Definitely didn't help after a weekend of renewed sadness and family drama, my first lecture on Monday morning happened to be on depression and suicide. This information is all too familiar to me, unfortunately...
There are so many underlying factors within my family, that it'd be hard to explain it all. I just feel I need to share some of this, and get it out of my head, so please bear with me.
When I was growing up, life was pretty fantastic. One of my favourite memories was when my dad told the five of us kids "Sillygump and Ghahuliflaven" stories. (Sorry, I don't remember how to spell G's name. Aha). This would consist of us telling him an object (ex. a balloon) and he'd have to incorporate into this story. (This all happened in the living room, this didn't ACTUALLY happen!).

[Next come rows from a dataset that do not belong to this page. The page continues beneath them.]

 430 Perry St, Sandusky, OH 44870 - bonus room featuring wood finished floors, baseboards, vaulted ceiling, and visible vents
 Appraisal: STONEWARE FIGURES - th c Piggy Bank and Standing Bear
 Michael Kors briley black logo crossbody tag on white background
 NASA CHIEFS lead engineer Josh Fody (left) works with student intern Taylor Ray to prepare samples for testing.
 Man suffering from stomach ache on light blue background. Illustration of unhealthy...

We would climb up the giant tree in the back yard, up to the clouds. We would paddle over the lake, and make our way over to this castle. Barney the Bear, Gregory the Gorilla, Panthera the Panther and others that I don't remember would be there. We'd go on adventures, fighting trolls or helping someone escape from the dungeons of the Man in Black.
This part is most for real. There was a two year time period that my family didn't have a vehicle because money was tight, so we would walk to the Oshawa Library or the Oshawa Center (Wooo for the OC!). It was about an hour long walk, so we would continue with the story. Sometimes we would see Crazy Koala chasing on the back of a bus, and we all had to hide.

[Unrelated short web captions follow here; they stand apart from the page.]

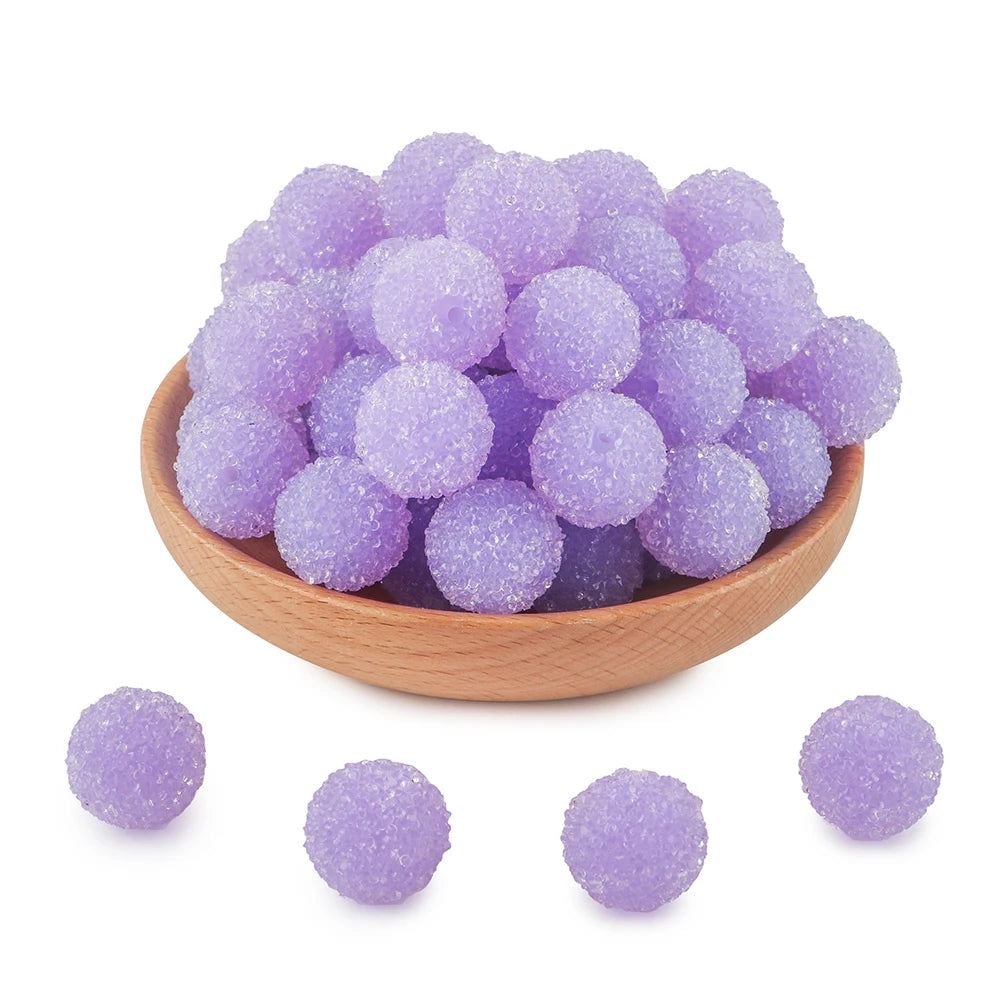 A wooden bowl filled with a pile of small, purple, glittery resin beads for jewelry making.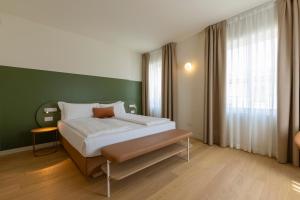 a bedroom with a bed and a green wall at Borgo di Lazise - Adults friendly in Lazise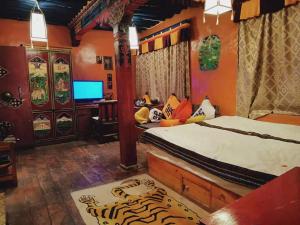 a bedroom with a bed and a desk with a television at Shambhala Palace Hotel in Lhasa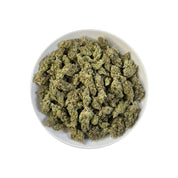 PUFFY Do-Si-Do is an indica-dominant hybrid THCa strain, born from the legendary cross of Girl Scout Cookies (GSC) × Face Off OG. A bold aroma that opens with sharp gassy notes, layered with a sweet candy-like undertone and finished with a distinct chemical edge, creating a pungent yet intriguing profile. Visually striking, with dense medium buds in deep green and purple tones, accented by bright orange pistils and a frosty coat of milky-white trichomes. Consumers often report a calming body high with uplif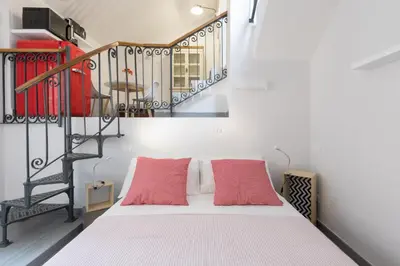a bedroom with a bed with two red pillows at Quiet pied a terre with terrace in Borgo Pio in Rome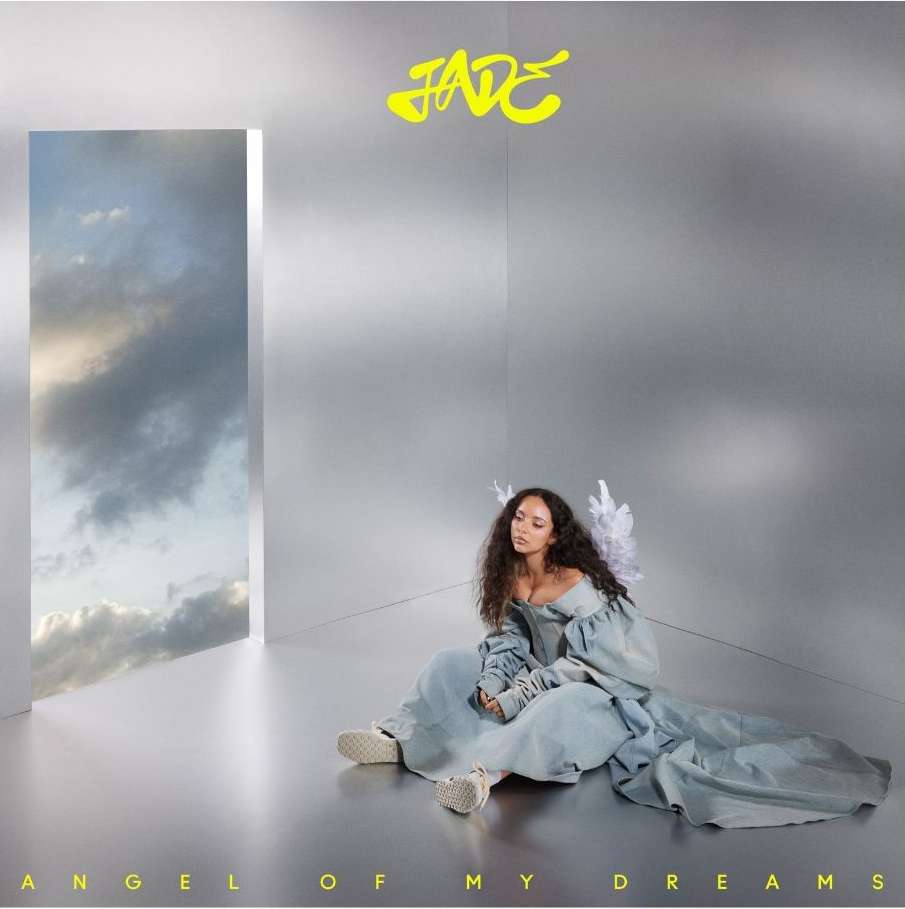 Young woman with angel wings sits gracefully in an ethereal setting, complemented by a window view of cloudy skies, in a light and airy scene.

It was so much fun. I miss it so much.
But after a few sad things in my family's life, including moving down to the Windsor area, things started taking a turn for the worse. Stories stopped. My Dad only got a half time teaching position (still does) and my mom has been a stay at home mom my entire life. Money got even tighter. Family got stressful.
My dad was told he had depression. There were really rough periods of time where things got really rough, painful for everyone involved.

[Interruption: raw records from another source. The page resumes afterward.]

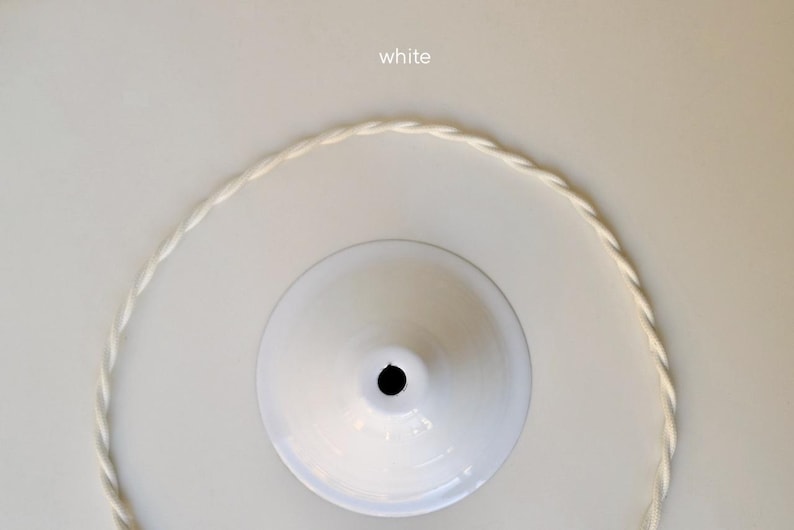 May include: A white ceiling canopy with a central circular opening, accompanied by a matching white twisted fabric electrical cord arranged in a circular shape. The word white is printed in small text above the canopy component.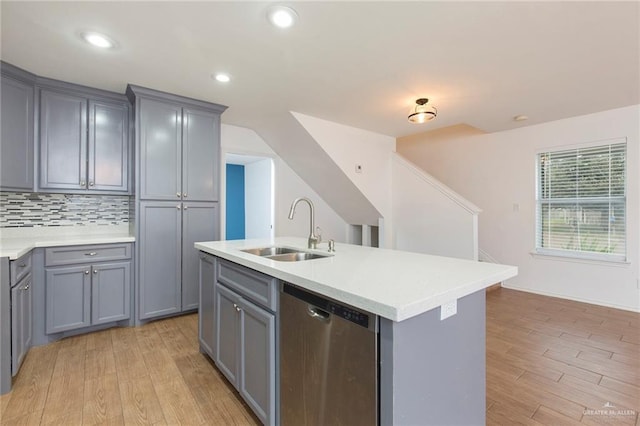 kitchen featuring dishwasher, sink, backsplash, gray cabinets, and a kitchen island with sink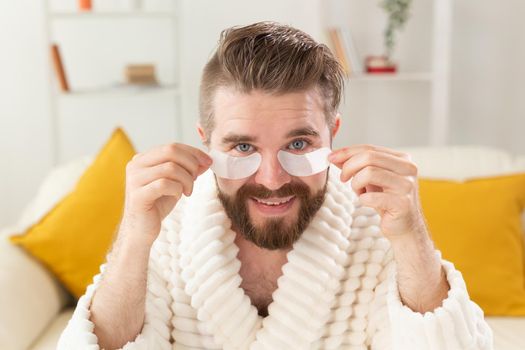 Bearded man removing eye patches on his face. Wrinkles and face home care for men.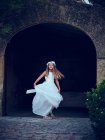 Adorable niña en vestido blanco largo aireado y diadema de flores bailando bajo el arco en el parque mirando a la cámara - foto de stock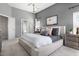 Primary bedroom featuring neutral colors, a plush bed, ensuite bathroom and lots of natural light at 804 Chancellors Ridge Dr, Durham, NC 27713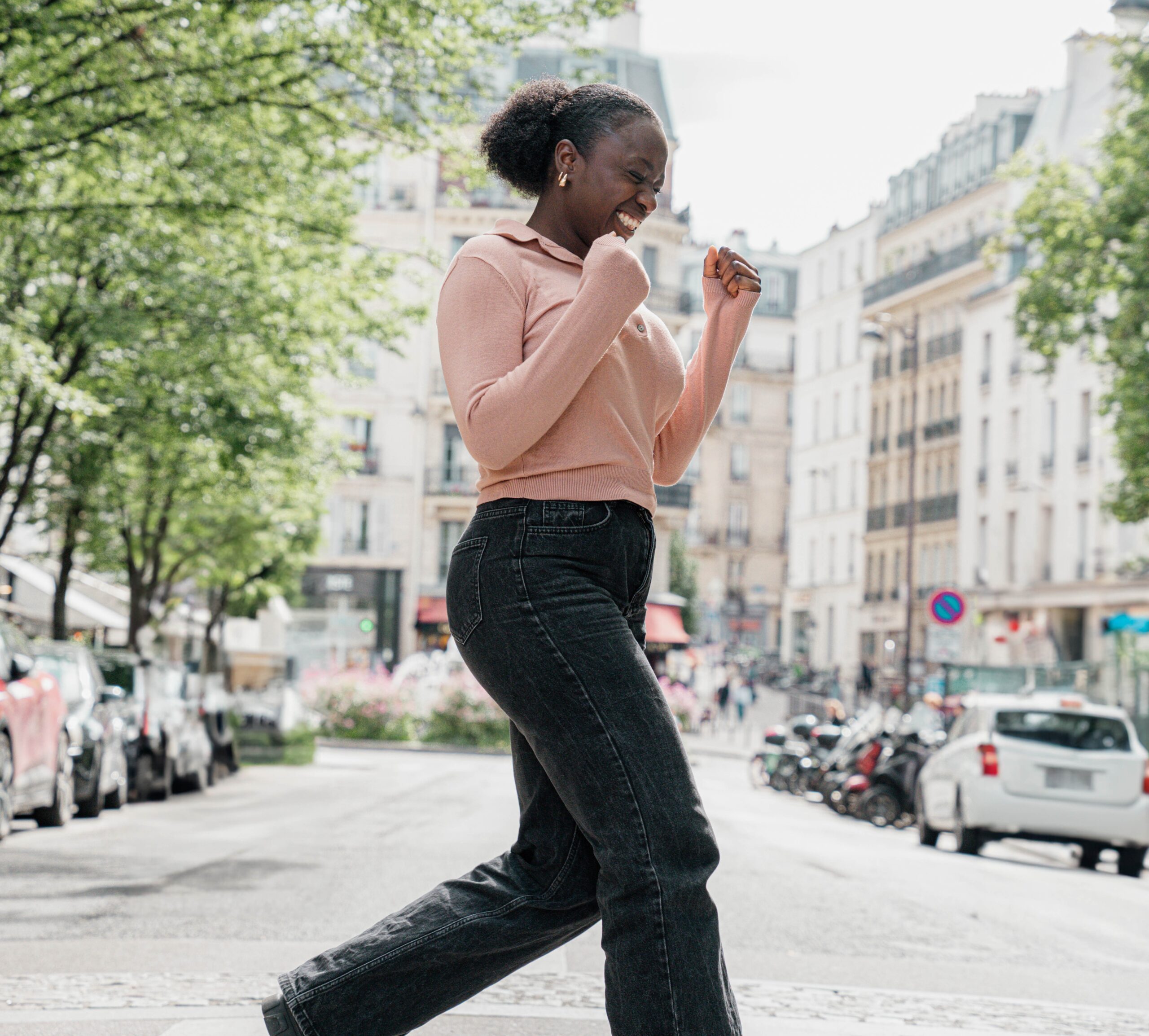 une jeune femme, pull rose, traverse la rue. Elle est très heureuse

In some ways, it's gotten better.
But life is still hard. Money is still tight. There's still name calling and swearing.
How do I respect him?! I have no idea how. I want to be away from him. I don't like being near him. It's horrible and I hate the fact that I can't respect my own father.
But I do have my Heavenly Father. He is always there for me. He loves me no matter what, even when I screw up or when I'm not pleasant in response to my siblings.
I hope that in the future things will finally turn for the better, and my relationship with my earthly father can be fixed. Until then, I wait and learn to be an obedient daughter of my Heavenly Father.